When `full_request` is enabled, complete request and response metadata is added directly inside each extracted property. This is useful when you need to capture authentication tokens, cookies, or other request/response details.

### Default Output (full\_request: false)

```json theme={null}
{
  "user_data": [
    {
      "id": "123",
      "name": "John Doe"
    }
  ]
}
```

### With Full Request (full\_request: true)
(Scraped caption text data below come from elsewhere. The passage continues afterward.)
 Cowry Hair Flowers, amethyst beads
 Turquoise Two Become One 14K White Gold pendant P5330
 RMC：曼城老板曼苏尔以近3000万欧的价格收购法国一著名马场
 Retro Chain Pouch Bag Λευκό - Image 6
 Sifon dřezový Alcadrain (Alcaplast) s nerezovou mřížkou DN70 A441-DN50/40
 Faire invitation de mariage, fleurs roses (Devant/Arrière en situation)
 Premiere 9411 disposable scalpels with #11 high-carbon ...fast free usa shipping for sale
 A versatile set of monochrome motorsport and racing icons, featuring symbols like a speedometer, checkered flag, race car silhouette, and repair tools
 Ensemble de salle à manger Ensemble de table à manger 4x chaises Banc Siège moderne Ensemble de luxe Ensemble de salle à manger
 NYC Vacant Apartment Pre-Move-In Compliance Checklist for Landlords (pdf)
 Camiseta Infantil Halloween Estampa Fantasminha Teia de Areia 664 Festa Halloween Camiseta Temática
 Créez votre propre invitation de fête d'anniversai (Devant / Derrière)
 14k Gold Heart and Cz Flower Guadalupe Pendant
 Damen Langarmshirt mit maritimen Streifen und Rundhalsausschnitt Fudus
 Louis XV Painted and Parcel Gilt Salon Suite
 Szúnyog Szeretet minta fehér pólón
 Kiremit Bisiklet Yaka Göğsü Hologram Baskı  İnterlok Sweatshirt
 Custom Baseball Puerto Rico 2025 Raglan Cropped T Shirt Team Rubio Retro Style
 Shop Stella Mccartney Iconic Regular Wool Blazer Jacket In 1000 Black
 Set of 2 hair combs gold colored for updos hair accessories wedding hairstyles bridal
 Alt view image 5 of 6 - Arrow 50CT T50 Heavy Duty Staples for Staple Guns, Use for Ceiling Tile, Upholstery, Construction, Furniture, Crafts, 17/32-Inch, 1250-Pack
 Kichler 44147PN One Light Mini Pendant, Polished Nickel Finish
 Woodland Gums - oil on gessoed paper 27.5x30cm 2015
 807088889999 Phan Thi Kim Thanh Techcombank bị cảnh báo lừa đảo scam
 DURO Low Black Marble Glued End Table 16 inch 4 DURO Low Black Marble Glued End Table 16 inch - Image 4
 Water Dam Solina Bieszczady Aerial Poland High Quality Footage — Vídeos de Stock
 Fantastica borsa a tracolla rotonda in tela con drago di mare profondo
When `full_request` is enabled, single-element arrays are unwrapped and the extracted data is placed inside `response.body`:

```json theme={null}
{
  "user_data": {
    "request": {
      "url": "https://api.example.com/users/123",
      "method": "GET",
      "headers": {
        "authorization": "Bearer xxx",
        "content-type": "application/json"
      },
      "body": null
    },
    "response": {
      "status": 200,
      "statusText": "OK",
      "headers": {
        "content-type": "application/json"
      },
      "body": {
        "id": "123",
        "name": "John Doe"
      }
    },
    "timestamp": "2024-01-15T10:30:00.000Z"
  }
}
```

The additional properties added:

* **request.url**: The full request URL
* **request.method**: HTTP method (GET, POST, etc.)
* **request.headers**: Request headers sent with the request
* **request.body**: Request body (for POST/PUT requests)
* **response.status**: HTTP status code
* **response.statusText**: HTTP status text
* **response.headers**: Response headers
* **response.body**: The extracted response data
* **timestamp**: When the request was made

## Examples

### Basic Usage

Extract user data from an API response:

```json theme={null}
{
  "id": "abc123",
  "name": "Extract user data",
  "action": "EXTRACT_NETWORK",
  "parameters": {
    "url": "/api/v1/users",
    "extract_data_model": {
      "type": "object",
      "properties": {
        "user_id": {
          "type": "string",
          "path": "$.id",
          "selected": true
        },
        "email": {
          "type": "string",
          "path": "$.email",
          "selected": true
        }
      }
    }
  }
}
```

### With Wildcard URL Matching

Extract specific fields using a wildcard to match dynamic URLs:

```json theme={null}
{
  "id": "abc123",
  "name": "Extract order status",
  "action": "EXTRACT_NETWORK",
  "parameters": {
    "url": "/api/v1/orders/*",
    "extract_data_model": {
      "type": "object",
      "properties": {
        "order_id": {
          "type": "string",
          "path": "$.id",
          "selected": true
        },
        "status": {
          "type": "string",
          "path": "$.order.status",
          "selected": true
        }
      }
    }
  }
}
```

Common path expressions:

* `$` — root object
* `$.field` or `field` — direct field access
* `$.parent.child` or `parent.child` — nested field
* `$[0]` — first array element

### Wait for Element First

Wait for a specific element to appear before extracting network data:

```json theme={null}
{
  "id": "abc123",
  "name": "Extract dashboard data",
  "action": "EXTRACT_NETWORK",
  "parameters": {
    "url": "/api/dashboard/data",
    "selector": "//*[@data-loaded='true']",
    "wait_time": 20000,
    "extract_data_model": {
      "type": "object",
      "properties": {
        "dashboard_data": {
          "type": "string",
          "path": "$",
          "selected": true
        }
      }
    }
  }
}
```

## Notes

* The node automatically trims whitespace from URL patterns
* When multiple requests match, the most recent match is used for extraction
* Supported response types: JSON, HTML, and XML. Non-JSON responses are returned as raw strings.
* Network traffic classified as noise (e.g. analytics, tracking pixels, static assets, health checks) is filtered out from extraction candidates by default. If the request you're trying to extract doesn't appear, toggle **Filter noise** off in the Network Traffic panel to see all captured requests.